═══ Data to use
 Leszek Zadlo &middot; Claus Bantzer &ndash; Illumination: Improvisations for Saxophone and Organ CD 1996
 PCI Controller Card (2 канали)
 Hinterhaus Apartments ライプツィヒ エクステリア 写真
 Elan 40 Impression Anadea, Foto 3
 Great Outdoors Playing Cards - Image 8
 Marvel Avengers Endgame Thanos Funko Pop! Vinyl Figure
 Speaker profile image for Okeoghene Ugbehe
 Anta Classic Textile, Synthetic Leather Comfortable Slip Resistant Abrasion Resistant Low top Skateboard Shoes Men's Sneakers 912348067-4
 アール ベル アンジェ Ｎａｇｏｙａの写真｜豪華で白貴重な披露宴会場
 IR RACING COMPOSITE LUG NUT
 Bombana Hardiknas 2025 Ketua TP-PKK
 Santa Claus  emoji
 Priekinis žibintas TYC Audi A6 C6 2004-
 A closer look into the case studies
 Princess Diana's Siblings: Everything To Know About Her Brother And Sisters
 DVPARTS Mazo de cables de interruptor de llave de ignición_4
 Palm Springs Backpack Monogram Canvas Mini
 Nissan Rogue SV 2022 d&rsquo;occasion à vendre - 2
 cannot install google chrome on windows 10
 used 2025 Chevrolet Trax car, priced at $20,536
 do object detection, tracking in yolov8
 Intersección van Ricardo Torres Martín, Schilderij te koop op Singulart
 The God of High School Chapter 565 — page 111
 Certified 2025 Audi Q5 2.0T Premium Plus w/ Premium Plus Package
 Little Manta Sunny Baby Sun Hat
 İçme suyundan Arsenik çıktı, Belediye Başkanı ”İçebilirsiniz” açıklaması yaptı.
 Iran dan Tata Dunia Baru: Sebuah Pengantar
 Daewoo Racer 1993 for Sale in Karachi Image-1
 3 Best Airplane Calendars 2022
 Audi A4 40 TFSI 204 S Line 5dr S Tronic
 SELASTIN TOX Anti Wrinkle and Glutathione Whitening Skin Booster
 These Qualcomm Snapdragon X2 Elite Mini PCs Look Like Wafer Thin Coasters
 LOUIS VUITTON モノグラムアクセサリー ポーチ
══════
Task to carry out. This exercise calls for the line containing "Intersección van Ricardo" and each line after it in the records, copied exactly.

Written answer.
 Intersección van Ricardo Torres Martín, Schilderij te koop op Singulart
 The God of High School Chapter 565 — page 111
 Certified 2025 Audi Q5 2.0T Premium Plus w/ Premium Plus Package
 Little Manta Sunny Baby Sun Hat
 İçme suyundan Arsenik çıktı, Belediye Başkanı ”İçebilirsiniz” açıklaması yaptı.
 Iran dan Tata Dunia Baru: Sebuah Pengantar
 Daewoo Racer 1993 for Sale in Karachi Image-1
 3 Best Airplane Calendars 2022
 Audi A4 40 TFSI 204 S Line 5dr S Tronic
 SELASTIN TOX Anti Wrinkle and Glutathione Whitening Skin Booster
 These Qualcomm Snapdragon X2 Elite Mini PCs Look Like Wafer Thin Coasters
 LOUIS VUITTON モノグラムアクセサリー ポーチ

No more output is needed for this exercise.